18 January 2009 21:50

Joey has implemented blogspam support for ikiwiki, which you can find here.

He was also good enough to provide valuable & useful feedback so I can present a moderately updated API - most notably with the ability to train comments when/if they are incorrectly marked.

I can imagine several other useful additions, but mostly I think the code should be cleaned up (written in an evening, posted to keep myself honest, didn't really expect anybody to be terribly interested) and then it should just tick over until comment submitters adapt and improve to the extent that my sites suffer again ..

ObFilm: Kissed

| 5 comments

 

Comments on this entry

icon Adam Trickett at 19:23 on 18 January 2009
ikiwiki is a really good wiki engine. It's nice to see it pick up some extra anti-spam features as spam is ruining everything on the Internet thesedays...
icon Anonymous at 19:50 on 18 January 2009
What stops a spammer from training a pile of spam messages as non-spam?
icon Steve Kemp at 20:01 on 18 January 2009

I've no idea how ikiwiki in particular suffers from spam problems, but I know that lots of wiki sites (especially those without user-registrations) suffer from sapm.

As for bogus training? Currently there is nothing to stop it, but if it becomes a problem then the service will adapt.

The obvious way to do that is to require a "key" to be used to both detect and train comments - that would mean only the site owner would be able to train things.

Currently the bayasian database is global, but another simple solution would be to make it per-client, or per-site, so that a spammy site owner, even registered, would only affect the comment scoring on their own site.

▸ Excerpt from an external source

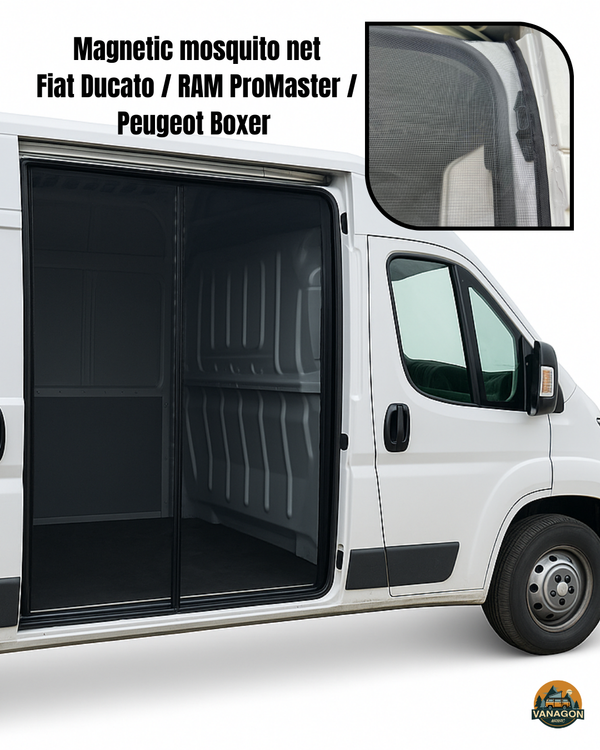 Magnetic mosquito net for Fiat Ducato, RAM ProMaster, and Peugeot Boxer vans.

icon Daniel Pope at 10:39 on 29 January 2009
I had a look at blogspam.net because the other day I updated Mauvesoft (http://www.mauvesoft.co.uk/) and it picked up half a dozen spams within a couple of days. It's written with Django's standard comment app and evidently spammers are clever enough to avoid filling a hidden honeypot field named 'honeypot'. I've not hooked it up yet though.
I do have some feedback based on reviewing the code for the plugins.
1. You need to assess classification rates manually. It's not enough to notice that it sorts obvious spam from obvious ham: the test of a service like this is the misclassification rate.
2. stopwords.pm is a recipe for false positives. I don't know what your word list is, but methodologically, Bayes outperforms this hands down. The reason? Legitimate users say "Viagra" or "penis" sometimes.
3. This is perhaps the most subtle one. OR-ing together several different classifiers can produce a worse classifier (in terms of misclassification) than just relying on the better classifiers alone. The misclassification rate of the entire system is WORSE than the misclassification rate of the WORST plugin. Spamassassin gets around this by summing weighted scores, a simple way of combining classifiers, certainly, but one that's rather better than just accepting the first classifier to reject a message.
icon Steve Kemp at 12:07 on 29 January 2009

Feedback is always welcome, but I think this is probably not the best place to leave it.

Indeed the false positive, and false negative, rates are things to keep an eye upon. I daily go through and reclassify comments that are caught - although this is too late to help the submitters. Short of a more complex API which would allow falling back to captchas or similar I can't think of a good solution to that.

Stopwords.pm - If you've found the code for that then in the file ../etc/stopwords you'll find the list.

Your point about OR-ing tests I'd not considered. I do run each comment through each plugin and terminate when one returns SPAM. I could sum and weight them, but thus far hadn't seen this as being an issue. Definitely food for thought though.